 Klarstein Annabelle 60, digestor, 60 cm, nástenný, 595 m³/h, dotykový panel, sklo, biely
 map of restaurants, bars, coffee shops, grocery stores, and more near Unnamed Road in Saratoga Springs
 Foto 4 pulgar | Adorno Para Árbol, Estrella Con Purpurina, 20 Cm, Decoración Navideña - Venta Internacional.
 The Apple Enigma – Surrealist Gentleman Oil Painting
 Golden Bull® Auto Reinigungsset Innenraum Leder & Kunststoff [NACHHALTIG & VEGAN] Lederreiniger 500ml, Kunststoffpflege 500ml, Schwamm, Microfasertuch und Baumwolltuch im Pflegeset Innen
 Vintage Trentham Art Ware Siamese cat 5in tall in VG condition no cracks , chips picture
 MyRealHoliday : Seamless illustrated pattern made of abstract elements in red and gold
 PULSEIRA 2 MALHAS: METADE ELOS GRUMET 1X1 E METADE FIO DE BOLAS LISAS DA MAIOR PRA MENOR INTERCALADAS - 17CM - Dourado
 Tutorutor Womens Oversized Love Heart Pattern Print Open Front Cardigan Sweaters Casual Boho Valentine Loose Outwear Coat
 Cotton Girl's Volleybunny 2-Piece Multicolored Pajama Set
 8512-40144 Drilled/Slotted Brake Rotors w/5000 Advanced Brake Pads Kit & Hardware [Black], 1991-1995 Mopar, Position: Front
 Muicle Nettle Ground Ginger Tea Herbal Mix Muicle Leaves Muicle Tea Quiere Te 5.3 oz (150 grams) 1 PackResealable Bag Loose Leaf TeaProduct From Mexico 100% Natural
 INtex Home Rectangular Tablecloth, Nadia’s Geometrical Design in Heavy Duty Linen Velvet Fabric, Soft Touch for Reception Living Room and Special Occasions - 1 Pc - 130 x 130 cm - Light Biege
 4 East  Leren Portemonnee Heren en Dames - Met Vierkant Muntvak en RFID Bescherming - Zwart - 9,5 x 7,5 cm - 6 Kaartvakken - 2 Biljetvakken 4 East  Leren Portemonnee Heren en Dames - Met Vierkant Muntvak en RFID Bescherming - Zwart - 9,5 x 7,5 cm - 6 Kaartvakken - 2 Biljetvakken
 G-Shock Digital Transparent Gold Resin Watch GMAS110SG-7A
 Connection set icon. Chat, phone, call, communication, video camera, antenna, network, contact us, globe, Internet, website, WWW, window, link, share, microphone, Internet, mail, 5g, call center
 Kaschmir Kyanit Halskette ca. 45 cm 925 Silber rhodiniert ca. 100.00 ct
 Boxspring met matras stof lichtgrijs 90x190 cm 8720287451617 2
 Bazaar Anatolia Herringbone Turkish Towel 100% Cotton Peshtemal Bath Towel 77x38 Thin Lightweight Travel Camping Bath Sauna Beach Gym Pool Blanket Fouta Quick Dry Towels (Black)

+ + +

[Task directions] Read the listing. Report every line that includes the word "Front".

[Output for this exercise]
 Tutorutor Womens Oversized Love Heart Pattern Print Open Front Cardigan Sweaters Casual Boho Valentine Loose Outwear Coat
 8512-40144 Drilled/Slotted Brake Rotors w/5000 Advanced Brake Pads Kit & Hardware [Black], 1991-1995 Mopar, Position: Front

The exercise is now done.